Eco ?y luego la película, con Sean Connery impartiendo sabiduría entre nieblas? nos recordó que la risa no destruye la fe: destruye el miedo, que no es lo mismo. Y quizá por eso ha sido perseguida tantas veces: porque libera. Porque desarma. Porque nos iguala. Porque hace que la muerte pierda por un instante su majestad y se quede plantada, sin saber qué hacer, mientras nos doblamos de la risa.
Por eso pienso que la risa es, en sí misma, un acto de resistencia. Un modo de decirle al mundo -cada vez más totalitario-, al destino, a la enfermedad, y a las sombras que nos rondan, que no pueden arrebatarnos lo más humano.
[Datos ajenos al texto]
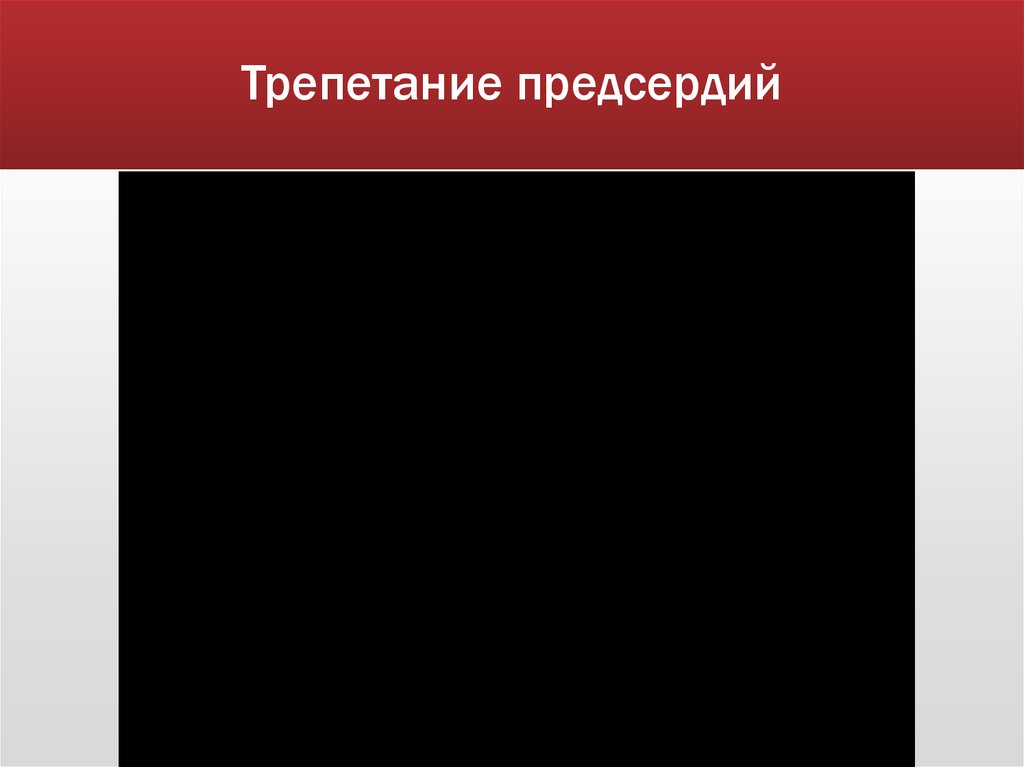 Трепетание предсердий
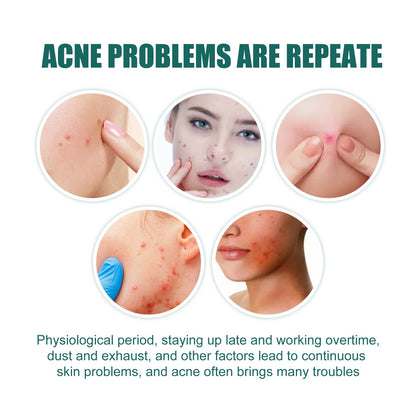 EELHOE Love Acne Patch Gentle Cleansing Acne Patch Fades Facial Acne Marks And Spots Facial Cleansing Care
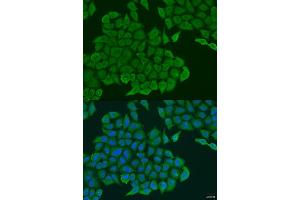 Immunofluorescence analysis of U2OS cells using ANXA7 antibody (ABIN1870994) at dilution of 1:100. (Annexin VII antibody)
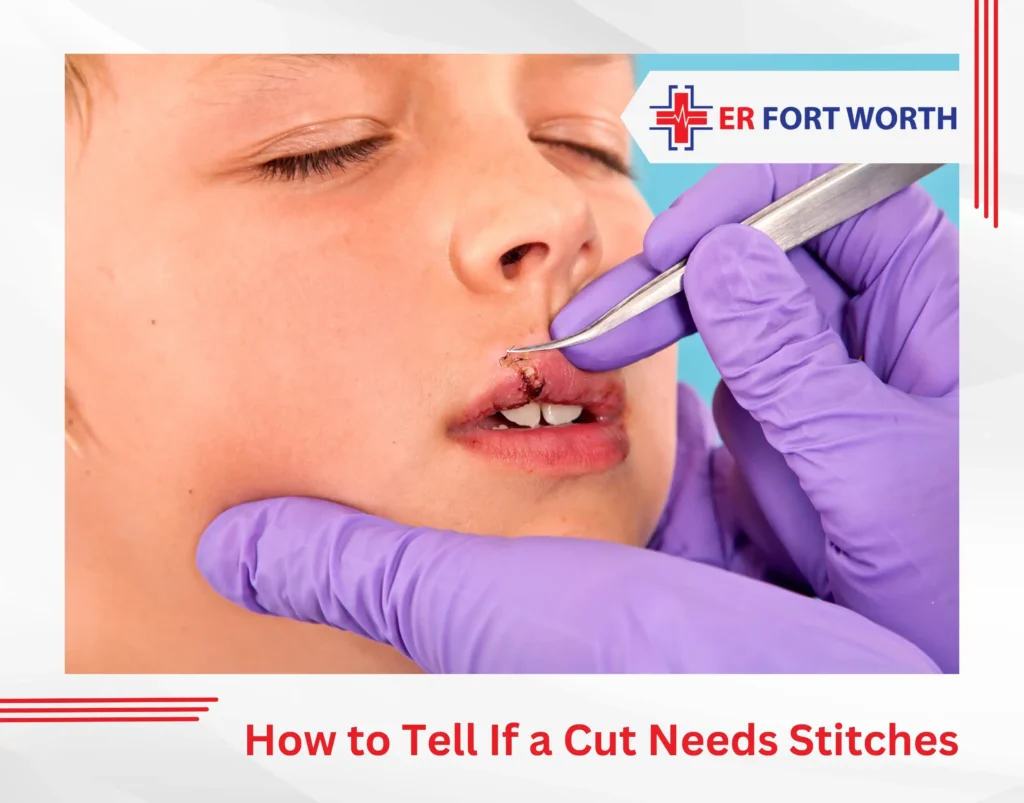 How to Tell If a Cut Needs Stitches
Y así como en el libro de Eco el manuscrito prohibido acaba revelando que la risa es un arma poderosa, en mi casa, cada vez que mi padre suelta un chiste inesperado, siento que en su mirada se enciende algo parecido a la libertad.
Y es que, al final, la risa está del lado de la vida, aun cuando sabemos que esta tiene un fin marcado. Es un pequeño acto de victoria, un guiño luminoso contra lo inevitable. Si en el monasterio de Eco temían que reír hiciera perder el miedo a Dios, yo diría que reír hace perder el miedo a vivir, que es una empresa mucho más ardua.